Court Finds No Basis for Plaintiffs’ Contention That Diodes’ CEO and CFO Must Have Known That the Labor Shortage Was Due to Diodes’ Workplace Policies

In the case before the court, defendants had “repeatedly warned investors of a labor shortage that would affect [the company’s] output in the first two quarters of 2011” and also “accurately warned [of] the precise impact this labor shortage would have on [the company’s] financial results.” Plaintiffs nevertheless claimed that defendants’ disclosures were materially misleading because defendants did not disclose that the labor shortage was “due principally to Diodes’s own harsh labor practices that alienated workers and caused them to quit.”

Plaintiffs did not allege any “facts indicating that [Diodes’ CEO and CFO] knew that the labor shortage was principally caused by Diodes’s workplace policies.” Instead, plaintiffs contended that “a strong inference of scienter [could] be drawn simply from the magnitude of disruption caused by the company’s labor policies, which, from their top executive positions, [Diodes’s CEO and CFO] must or should have known about.”

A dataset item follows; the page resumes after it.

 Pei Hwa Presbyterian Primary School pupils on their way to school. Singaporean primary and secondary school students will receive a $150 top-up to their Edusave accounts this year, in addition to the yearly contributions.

Plaintiffs acknowledged that under Fifth Circuit case law, “‘an officer’s position with a company does not suffice to create an inference of scienter’” (quoting Nathenson v. Zonagen, 267 F.3d 400 (5th Cir. 2001)). However, plaintiffs argued that courts in the Fifth Circuit have held that “special circumstances, ‘taken together with an officer’s position, may support a strong inference of scienter’” (quoting Dorsey v. Portfolio Equities, 540 F.3d 333 (5th Cir. 2008)).

The Fifth Circuit in Diodes explained that these “‘special circumstances’ cases exhibit some combination of four considerations that might tip the scales in favor of an inference of scienter.” First, the court noted that “the smaller the company the more likely it is that corporate executives would be familiar with the intricacies of day to day operations.” A second factor is whether the transaction in question was “critical to the company’s continued vitality.” A third factor is whether “the misrepresented or omitted information at issue would have been readily apparent to the speaker.” Finally, a fourth factor is whether “the defendant’s statements were internally inconsistent with one another.”

The Fifth Circuit determined that “[n]one of these considerations [was] present here.” The court pointed out that “Diodes is a large company with over 4,000 employees at locations across the world.” The court found it “not at all clear that Diode’s top executives in Dallas would have been aware of labor policies at the Shanghai facility, much less the chatter on the factory floor and the varying reasons for employee attrition.” There was no allegation that the labor shortage “jeopardized the company’s existence.” As to the causes of the labor shortage, the court found that the impact of Diodes's workplace policies on the labor force would not necessarily have been “readily apparent” to Diodes’s CEO and CFO given that there were also other factors at play (the Chinese New Year and new Chinese government policies). Finally, the court noted that “defendants’ statements [on the labor shortage] were both consistent and accurate.”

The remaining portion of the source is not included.